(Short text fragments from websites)

• • • •

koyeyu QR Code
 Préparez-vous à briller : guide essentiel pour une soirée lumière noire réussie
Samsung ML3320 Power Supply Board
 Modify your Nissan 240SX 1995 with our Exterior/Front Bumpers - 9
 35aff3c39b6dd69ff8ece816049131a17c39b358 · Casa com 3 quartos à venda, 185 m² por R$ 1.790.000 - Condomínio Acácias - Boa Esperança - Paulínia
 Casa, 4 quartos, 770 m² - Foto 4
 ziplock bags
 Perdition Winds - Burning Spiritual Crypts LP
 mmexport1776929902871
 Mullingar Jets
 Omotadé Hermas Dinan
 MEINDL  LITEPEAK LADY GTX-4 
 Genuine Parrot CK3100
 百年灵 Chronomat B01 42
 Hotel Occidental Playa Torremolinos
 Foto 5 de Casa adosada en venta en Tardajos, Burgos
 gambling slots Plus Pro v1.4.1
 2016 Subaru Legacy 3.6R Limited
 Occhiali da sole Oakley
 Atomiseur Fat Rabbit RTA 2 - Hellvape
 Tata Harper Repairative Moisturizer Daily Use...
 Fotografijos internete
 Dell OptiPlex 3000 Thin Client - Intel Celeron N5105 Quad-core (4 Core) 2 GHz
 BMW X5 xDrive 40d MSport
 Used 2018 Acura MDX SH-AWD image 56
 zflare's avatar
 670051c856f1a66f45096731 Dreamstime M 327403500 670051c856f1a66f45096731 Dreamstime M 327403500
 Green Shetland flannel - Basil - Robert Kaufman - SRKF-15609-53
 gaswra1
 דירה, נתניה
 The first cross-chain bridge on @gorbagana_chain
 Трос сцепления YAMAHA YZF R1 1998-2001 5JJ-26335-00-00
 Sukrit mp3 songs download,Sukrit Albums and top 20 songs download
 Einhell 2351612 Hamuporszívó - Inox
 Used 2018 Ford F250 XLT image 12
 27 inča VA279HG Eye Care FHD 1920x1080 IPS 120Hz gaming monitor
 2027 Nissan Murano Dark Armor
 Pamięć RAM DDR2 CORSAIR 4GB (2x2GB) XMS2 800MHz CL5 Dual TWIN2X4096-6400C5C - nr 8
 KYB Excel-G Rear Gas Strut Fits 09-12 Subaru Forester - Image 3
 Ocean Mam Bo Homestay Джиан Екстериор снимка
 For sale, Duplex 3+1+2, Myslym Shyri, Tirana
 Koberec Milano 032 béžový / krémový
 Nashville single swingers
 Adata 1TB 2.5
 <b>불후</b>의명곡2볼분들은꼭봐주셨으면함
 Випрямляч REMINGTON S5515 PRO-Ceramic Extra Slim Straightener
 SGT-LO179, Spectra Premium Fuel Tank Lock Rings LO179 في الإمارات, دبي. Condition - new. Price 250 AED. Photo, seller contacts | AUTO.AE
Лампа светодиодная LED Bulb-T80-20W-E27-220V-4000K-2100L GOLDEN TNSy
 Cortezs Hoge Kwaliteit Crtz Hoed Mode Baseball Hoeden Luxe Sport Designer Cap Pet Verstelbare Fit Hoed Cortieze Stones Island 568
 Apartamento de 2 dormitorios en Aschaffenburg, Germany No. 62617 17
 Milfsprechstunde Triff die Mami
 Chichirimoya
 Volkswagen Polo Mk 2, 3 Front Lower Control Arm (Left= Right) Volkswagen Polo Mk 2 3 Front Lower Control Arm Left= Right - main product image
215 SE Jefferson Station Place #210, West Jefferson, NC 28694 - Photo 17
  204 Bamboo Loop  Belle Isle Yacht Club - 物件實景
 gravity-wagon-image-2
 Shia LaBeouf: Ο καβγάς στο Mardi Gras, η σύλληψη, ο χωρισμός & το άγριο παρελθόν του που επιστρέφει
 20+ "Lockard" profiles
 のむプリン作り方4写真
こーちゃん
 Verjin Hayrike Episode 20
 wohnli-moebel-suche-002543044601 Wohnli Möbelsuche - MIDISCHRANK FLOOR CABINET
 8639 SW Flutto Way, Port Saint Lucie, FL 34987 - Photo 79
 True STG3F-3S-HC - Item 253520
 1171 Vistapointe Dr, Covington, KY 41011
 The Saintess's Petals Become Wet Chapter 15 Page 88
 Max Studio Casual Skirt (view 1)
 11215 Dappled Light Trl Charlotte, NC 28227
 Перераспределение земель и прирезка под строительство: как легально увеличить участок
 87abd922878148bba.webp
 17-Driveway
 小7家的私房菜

• • • •

▶ _Directions_
Return, with no change at all, every line in the entries above from the line containing "Sukrit mp3 songs" through the line containing "Verjin Hayrike Episode 20".

▶ _Exercise result_
 Sukrit mp3 songs download,Sukrit Albums and top 20 songs download
 Einhell 2351612 Hamuporszívó - Inox
 Used 2018 Ford F250 XLT image 12
 27 inča VA279HG Eye Care FHD 1920x1080 IPS 120Hz gaming monitor
 2027 Nissan Murano Dark Armor
 Pamięć RAM DDR2 CORSAIR 4GB (2x2GB) XMS2 800MHz CL5 Dual TWIN2X4096-6400C5C - nr 8
 KYB Excel-G Rear Gas Strut Fits 09-12 Subaru Forester - Image 3
 Ocean Mam Bo Homestay Джиан Екстериор снимка
 For sale, Duplex 3+1+2, Myslym Shyri, Tirana
 Koberec Milano 032 béžový / krémový
 Nashville single swingers
 Adata 1TB 2.5
 <b>불후</b>의명곡2볼분들은꼭봐주셨으면함
 Випрямляч REMINGTON S5515 PRO-Ceramic Extra Slim Straightener
 SGT-LO179, Spectra Premium Fuel Tank Lock Rings LO179 في الإمارات, دبي. Condition - new. Price 250 AED. Photo, seller contacts | AUTO.AE
Лампа светодиодная LED Bulb-T80-20W-E27-220V-4000K-2100L GOLDEN TNSy
 Cortezs Hoge Kwaliteit Crtz Hoed Mode Baseball Hoeden Luxe Sport Designer Cap Pet Verstelbare Fit Hoed Cortieze Stones Island 568
 Apartamento de 2 dormitorios en Aschaffenburg, Germany No. 62617 17
 Milfsprechstunde Triff die Mami
 Chichirimoya
 Volkswagen Polo Mk 2, 3 Front Lower Control Arm (Left= Right) Volkswagen Polo Mk 2 3 Front Lower Control Arm Left= Right - main product image
215 SE Jefferson Station Place #210, West Jefferson, NC 28694 - Photo 17
  204 Bamboo Loop  Belle Isle Yacht Club - 物件實景
 gravity-wagon-image-2
 Shia LaBeouf: Ο καβγάς στο Mardi Gras, η σύλληψη, ο χωρισμός & το άγριο παρελθόν του που επιστρέφει
 20+ "Lockard" profiles
 のむプリン作り方4写真
こーちゃん
 Verjin Hayrike Episode 20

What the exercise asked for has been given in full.